Tissue specificity of pseudogene expression. a Tissue samples from mouse. Somatic tissues were pooled into one sample for library preparation for each sex. b Length distribution of transcripts in ENSEMBL annotation and PacBio sequencing. c Biotype of pseudogenes detected by Iso-seq. d Venn plot shows the overlap between Iso-seq detected pseudogenes and transcribed pseudogenes annotated by GENCODE. e Expression pattern of Iso-seq detected pseudogene 4933401B06Rik. f Expression level of Iso-seq detected pseudogenes and other pseudogenes. g Proportion of expressed pseudogenes under different thresholds. h Principal component analysis (PCA) of human pseudogenes. i PCA of 1:1 orthologous pseudogenes between human and mouse. j Proportion of human expressed pseudogenes with different evolutionary ages. k Tissue specificity of human pseudogene expression. l Distribution of the tissue with maximum expression level of human pseudogenes

Besides, the expression proportion of pseudogenes exhibited an age-dependent manner (Fig. 2j), suggesting a gradual acquisition of expression regulation after birth and the old pseudogene preservation in the genome induced by selective constraints at the transcriptional level.
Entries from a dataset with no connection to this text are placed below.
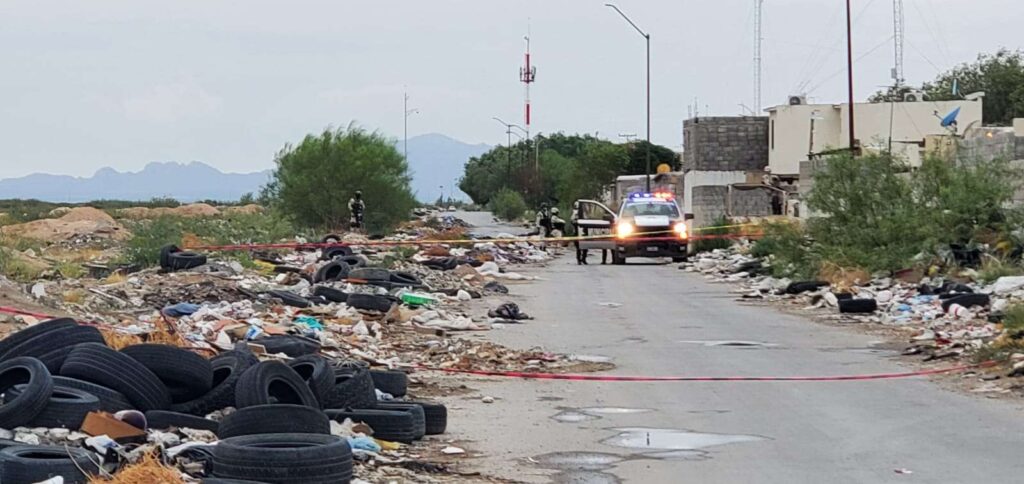 Hallaron el segundo encobijado del día en un basurero clandestino de Juárez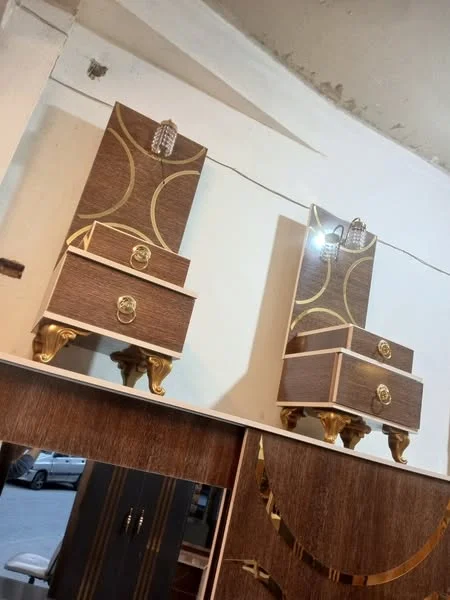 من مفروشات. سيدار 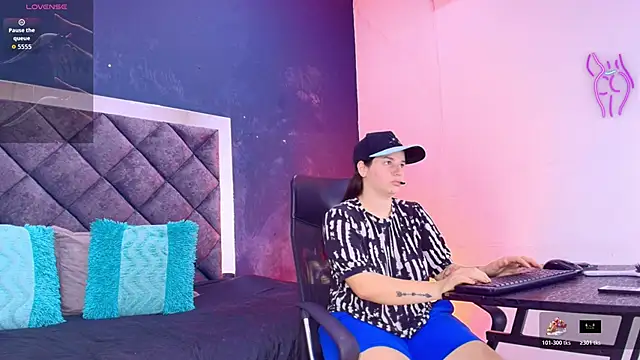 aidanaandvictoria webkamerás műsora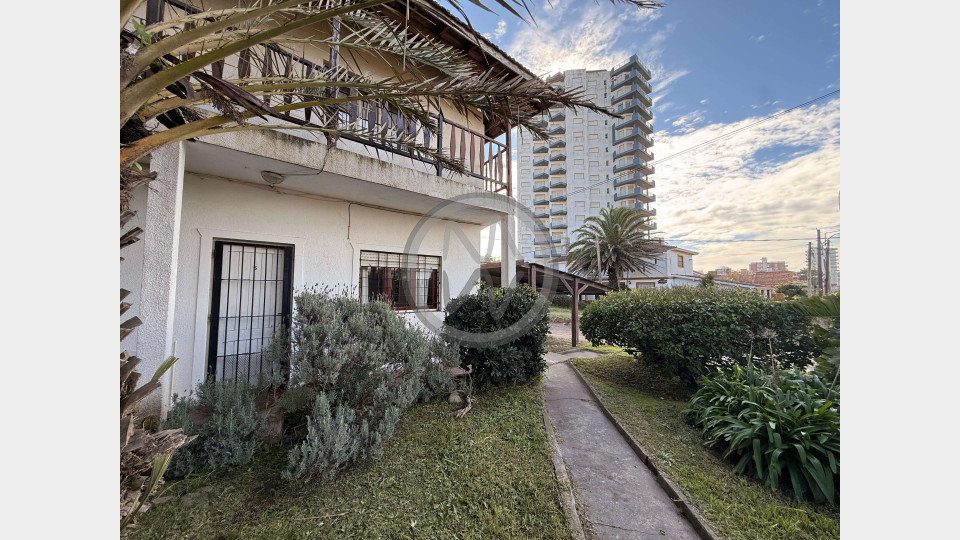 Departamento Edificio "Della"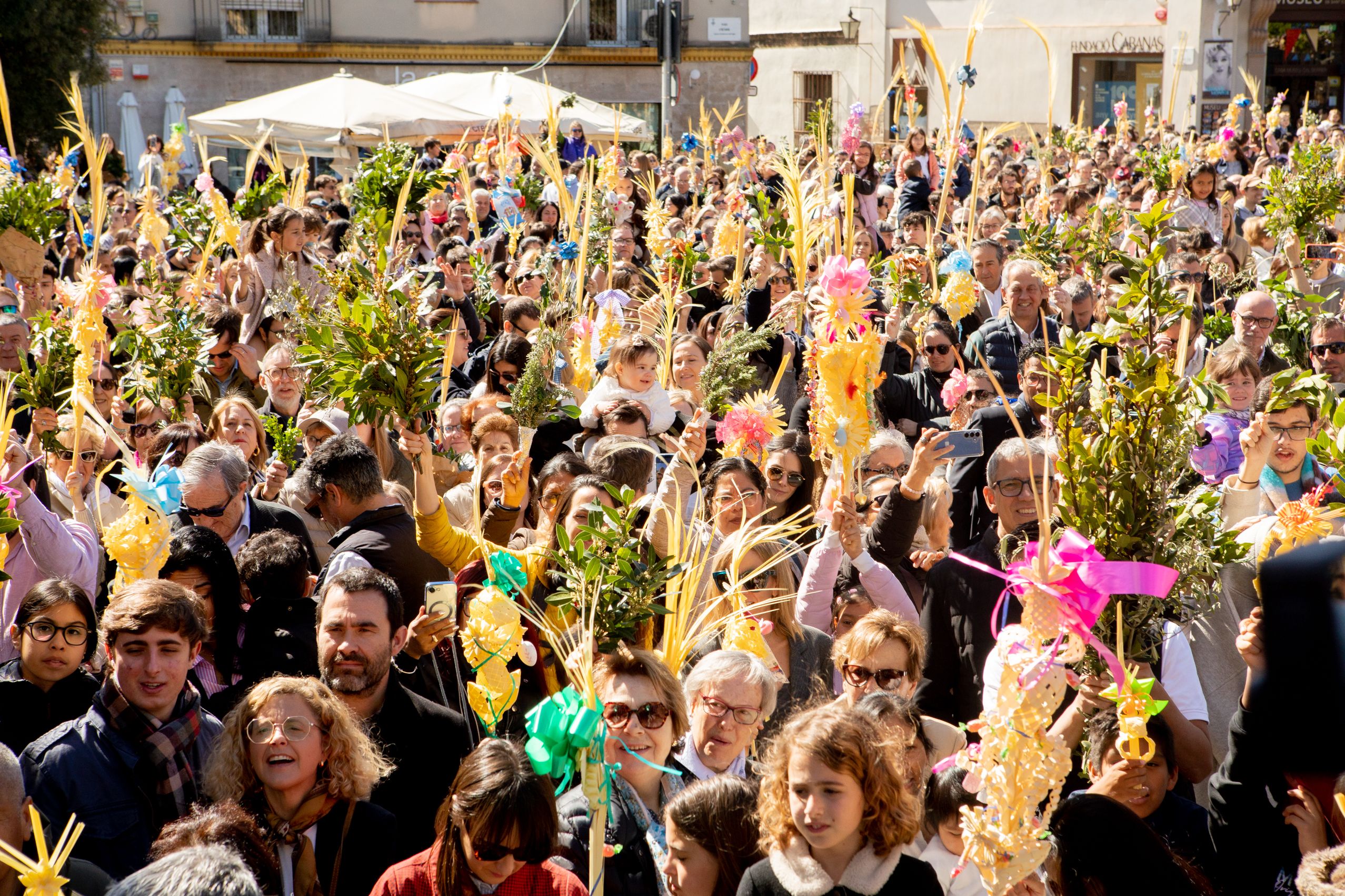 Sant Cugat s'omple de gom a gom per celebrar el Diumenge de Rams. Joana Arribas (TOT Sant Cugat)
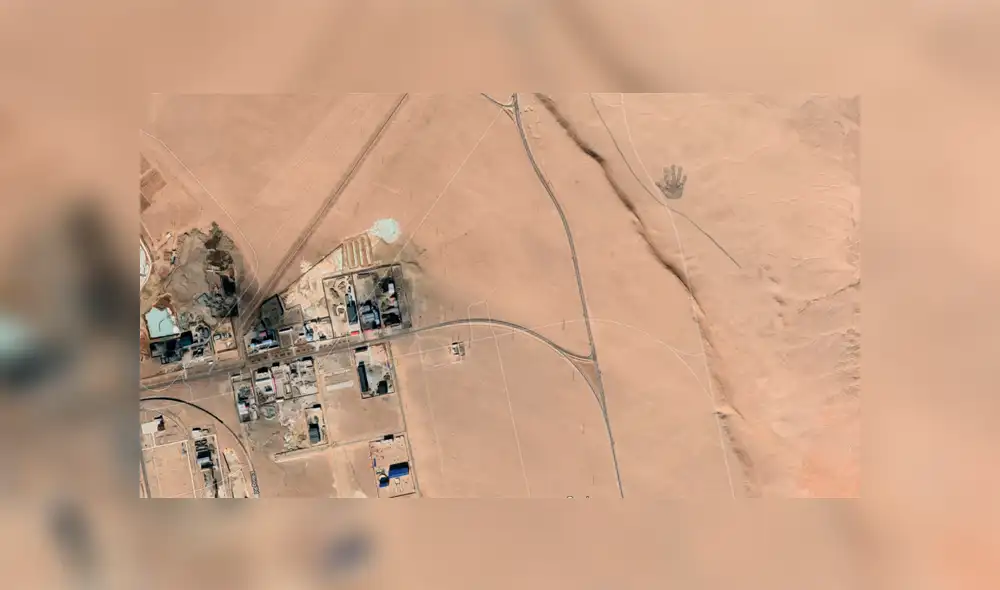 Google Maps: Descubren enorme huella humanoide cerca a extraño pueblo de China [FOTOS]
We further investigated pseudogene expression by origination mechanism and found that a higher proportion of pseudogenes were expressed in unitary type than in other types in both human and mouse (Additional file 1: Fig. S10), implying that some of them retained residual transcriptional activity. Although large fraction of expressed human unitary pseudogenes were detected based on the expression dataset covering successive development stages across multiple tissues, few vomeronasal and olfactory receptor-related unitary pseudogenes were expressed (3 out of 39, Fisher’s exact test, P = 2 × 10−11), demonstrating permanent loss of some olfactory function in human at the transcriptional level, which corroborated the previous observations at the DNA level [37]. In addition, the pseudogene-parent coding genes showed pronouncedly higher expression levels than non-pseudogene-generating coding genes in all tissues and developmental stages, which was more remarkable when only processed pseudogenes were considered (Additional file 1: Fig. S11), implying that the pseudogenes were more likely to be generated by highly expressed genes. These results were in line with previous studies [3, 9]. In addition, there was no difference in the generation of pseudogene between X chromosome (1.9 per protein-coding gene) and autosomes (2.1 per protein-coding gene) (P = 0.72), which agreed with our previous report of balanced expression level between X chromosome and autosomes [38].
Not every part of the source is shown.